Provided material Start Marker

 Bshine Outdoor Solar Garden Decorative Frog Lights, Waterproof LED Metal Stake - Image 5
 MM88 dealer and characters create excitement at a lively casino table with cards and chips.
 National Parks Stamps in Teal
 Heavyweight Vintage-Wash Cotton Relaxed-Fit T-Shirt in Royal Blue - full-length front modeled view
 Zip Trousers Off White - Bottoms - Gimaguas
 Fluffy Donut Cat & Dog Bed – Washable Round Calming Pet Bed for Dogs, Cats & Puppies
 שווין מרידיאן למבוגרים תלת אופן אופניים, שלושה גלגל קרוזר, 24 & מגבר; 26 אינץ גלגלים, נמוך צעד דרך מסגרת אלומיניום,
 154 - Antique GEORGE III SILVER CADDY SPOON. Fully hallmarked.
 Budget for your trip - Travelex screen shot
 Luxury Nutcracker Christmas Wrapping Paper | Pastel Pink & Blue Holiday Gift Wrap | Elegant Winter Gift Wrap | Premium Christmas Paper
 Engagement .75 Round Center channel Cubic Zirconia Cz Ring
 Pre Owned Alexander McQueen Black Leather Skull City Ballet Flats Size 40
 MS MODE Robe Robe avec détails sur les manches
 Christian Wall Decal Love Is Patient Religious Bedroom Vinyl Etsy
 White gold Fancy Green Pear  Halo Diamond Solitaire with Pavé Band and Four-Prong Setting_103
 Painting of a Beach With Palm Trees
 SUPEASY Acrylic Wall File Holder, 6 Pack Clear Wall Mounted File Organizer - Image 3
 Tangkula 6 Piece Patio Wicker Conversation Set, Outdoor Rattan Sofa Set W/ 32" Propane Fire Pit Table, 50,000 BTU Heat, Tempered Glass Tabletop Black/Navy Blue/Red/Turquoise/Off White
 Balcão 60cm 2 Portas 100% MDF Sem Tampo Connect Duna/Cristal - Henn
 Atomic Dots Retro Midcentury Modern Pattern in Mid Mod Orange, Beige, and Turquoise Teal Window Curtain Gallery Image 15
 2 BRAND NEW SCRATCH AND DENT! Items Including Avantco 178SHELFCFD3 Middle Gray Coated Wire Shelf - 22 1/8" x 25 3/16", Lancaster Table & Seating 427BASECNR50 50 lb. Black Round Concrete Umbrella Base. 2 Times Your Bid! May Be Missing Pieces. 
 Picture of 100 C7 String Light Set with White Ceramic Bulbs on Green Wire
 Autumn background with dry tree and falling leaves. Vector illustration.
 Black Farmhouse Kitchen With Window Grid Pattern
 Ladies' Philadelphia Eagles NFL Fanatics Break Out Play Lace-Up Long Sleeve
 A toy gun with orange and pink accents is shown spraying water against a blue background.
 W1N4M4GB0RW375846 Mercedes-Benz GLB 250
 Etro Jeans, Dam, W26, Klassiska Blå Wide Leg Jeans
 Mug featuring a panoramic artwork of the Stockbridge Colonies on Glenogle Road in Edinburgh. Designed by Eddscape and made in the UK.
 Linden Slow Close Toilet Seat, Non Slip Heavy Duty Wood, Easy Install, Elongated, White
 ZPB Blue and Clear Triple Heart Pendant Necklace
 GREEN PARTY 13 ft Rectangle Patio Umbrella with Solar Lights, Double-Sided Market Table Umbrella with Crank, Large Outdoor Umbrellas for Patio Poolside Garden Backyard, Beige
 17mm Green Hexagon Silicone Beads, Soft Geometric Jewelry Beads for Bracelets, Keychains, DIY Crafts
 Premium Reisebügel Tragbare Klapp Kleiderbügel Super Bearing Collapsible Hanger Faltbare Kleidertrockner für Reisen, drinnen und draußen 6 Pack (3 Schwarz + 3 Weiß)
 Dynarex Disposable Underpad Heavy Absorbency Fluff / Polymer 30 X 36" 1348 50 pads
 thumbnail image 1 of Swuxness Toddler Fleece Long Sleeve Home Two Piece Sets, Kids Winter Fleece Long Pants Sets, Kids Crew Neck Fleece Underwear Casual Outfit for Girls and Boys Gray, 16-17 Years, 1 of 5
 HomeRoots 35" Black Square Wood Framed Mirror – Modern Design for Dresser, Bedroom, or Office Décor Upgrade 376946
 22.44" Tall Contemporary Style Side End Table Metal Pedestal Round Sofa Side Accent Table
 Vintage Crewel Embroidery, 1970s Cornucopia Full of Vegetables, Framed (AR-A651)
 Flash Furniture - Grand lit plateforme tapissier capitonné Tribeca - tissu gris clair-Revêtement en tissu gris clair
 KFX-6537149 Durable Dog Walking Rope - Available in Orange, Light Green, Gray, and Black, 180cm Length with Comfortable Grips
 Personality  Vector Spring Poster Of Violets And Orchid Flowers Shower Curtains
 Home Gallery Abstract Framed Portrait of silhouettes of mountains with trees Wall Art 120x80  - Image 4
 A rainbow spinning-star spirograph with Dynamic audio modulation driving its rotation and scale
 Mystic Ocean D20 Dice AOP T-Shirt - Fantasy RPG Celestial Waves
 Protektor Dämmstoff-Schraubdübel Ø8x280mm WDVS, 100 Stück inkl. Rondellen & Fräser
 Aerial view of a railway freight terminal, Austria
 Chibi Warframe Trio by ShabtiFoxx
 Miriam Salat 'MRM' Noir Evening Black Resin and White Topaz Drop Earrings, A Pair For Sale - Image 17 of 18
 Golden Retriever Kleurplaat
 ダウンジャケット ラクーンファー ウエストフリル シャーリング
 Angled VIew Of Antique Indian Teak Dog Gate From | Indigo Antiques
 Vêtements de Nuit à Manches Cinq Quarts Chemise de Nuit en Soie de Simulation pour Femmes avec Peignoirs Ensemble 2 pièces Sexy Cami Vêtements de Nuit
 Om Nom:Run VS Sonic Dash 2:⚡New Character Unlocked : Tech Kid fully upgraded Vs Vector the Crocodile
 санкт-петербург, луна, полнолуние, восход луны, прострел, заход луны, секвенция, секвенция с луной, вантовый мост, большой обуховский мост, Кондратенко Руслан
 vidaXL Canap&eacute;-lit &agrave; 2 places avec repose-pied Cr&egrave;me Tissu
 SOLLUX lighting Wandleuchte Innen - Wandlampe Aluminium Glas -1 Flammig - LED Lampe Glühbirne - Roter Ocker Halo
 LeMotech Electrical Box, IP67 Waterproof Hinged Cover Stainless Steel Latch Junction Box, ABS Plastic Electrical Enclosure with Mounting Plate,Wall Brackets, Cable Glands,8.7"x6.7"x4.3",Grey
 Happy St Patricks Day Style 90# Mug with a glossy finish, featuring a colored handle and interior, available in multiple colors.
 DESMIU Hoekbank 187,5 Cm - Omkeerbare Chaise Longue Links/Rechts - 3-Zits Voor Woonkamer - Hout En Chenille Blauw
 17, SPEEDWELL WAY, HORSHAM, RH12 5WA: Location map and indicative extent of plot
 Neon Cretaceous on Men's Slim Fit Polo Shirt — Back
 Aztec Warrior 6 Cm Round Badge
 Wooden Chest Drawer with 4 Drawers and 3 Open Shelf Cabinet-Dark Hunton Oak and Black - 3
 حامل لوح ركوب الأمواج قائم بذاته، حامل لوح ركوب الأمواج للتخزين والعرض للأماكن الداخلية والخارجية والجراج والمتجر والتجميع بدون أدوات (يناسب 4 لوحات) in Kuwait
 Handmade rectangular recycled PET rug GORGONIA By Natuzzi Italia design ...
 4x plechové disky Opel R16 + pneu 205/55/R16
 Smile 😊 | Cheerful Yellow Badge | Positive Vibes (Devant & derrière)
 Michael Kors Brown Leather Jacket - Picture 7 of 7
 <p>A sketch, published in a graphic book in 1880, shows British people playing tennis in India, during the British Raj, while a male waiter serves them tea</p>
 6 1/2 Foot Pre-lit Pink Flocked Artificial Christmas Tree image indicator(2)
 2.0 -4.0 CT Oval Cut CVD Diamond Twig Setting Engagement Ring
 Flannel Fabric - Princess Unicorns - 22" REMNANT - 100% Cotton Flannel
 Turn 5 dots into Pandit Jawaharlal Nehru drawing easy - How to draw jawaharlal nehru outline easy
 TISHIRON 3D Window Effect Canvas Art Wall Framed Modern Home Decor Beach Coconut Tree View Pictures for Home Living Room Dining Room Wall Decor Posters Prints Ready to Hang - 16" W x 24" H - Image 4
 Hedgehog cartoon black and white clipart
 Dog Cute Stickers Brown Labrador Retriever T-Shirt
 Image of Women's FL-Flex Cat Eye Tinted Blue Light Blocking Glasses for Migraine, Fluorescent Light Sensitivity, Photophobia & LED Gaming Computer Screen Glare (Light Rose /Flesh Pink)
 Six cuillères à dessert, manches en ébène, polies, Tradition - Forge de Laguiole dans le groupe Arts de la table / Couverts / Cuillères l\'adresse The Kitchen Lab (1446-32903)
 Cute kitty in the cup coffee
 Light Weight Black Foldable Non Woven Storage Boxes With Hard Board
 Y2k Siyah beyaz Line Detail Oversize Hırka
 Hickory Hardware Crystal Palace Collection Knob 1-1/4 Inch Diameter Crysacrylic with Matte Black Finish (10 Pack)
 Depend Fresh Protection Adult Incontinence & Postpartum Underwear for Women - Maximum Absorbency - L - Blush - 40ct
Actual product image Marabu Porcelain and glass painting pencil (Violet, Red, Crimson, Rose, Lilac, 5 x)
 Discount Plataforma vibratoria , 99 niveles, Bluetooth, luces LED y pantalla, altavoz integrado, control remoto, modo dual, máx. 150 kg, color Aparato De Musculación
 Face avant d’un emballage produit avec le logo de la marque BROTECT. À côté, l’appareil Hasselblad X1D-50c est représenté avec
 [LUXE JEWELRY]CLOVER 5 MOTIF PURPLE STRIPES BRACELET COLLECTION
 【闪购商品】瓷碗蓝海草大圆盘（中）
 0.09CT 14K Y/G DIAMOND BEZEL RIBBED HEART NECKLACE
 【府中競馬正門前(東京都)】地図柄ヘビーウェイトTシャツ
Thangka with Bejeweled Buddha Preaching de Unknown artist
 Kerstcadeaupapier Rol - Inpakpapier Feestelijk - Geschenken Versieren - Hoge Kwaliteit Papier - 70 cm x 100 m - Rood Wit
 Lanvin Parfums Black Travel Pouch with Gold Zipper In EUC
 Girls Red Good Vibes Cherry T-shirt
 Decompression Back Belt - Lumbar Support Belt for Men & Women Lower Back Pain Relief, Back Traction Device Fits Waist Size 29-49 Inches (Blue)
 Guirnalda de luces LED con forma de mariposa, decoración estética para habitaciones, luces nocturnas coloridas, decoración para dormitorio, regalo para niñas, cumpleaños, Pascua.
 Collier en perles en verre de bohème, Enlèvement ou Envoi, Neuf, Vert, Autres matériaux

Provided material End Marker

Exercise details:
Write down, word for word, the lines above from the one containing "GREEN PARTY 13" through the one containing "17mm Green Hexagon", both ends included.

Answer space:
 GREEN PARTY 13 ft Rectangle Patio Umbrella with Solar Lights, Double-Sided Market Table Umbrella with Crank, Large Outdoor Umbrellas for Patio Poolside Garden Backyard, Beige
 17mm Green Hexagon Silicone Beads, Soft Geometric Jewelry Beads for Bracelets, Keychains, DIY Crafts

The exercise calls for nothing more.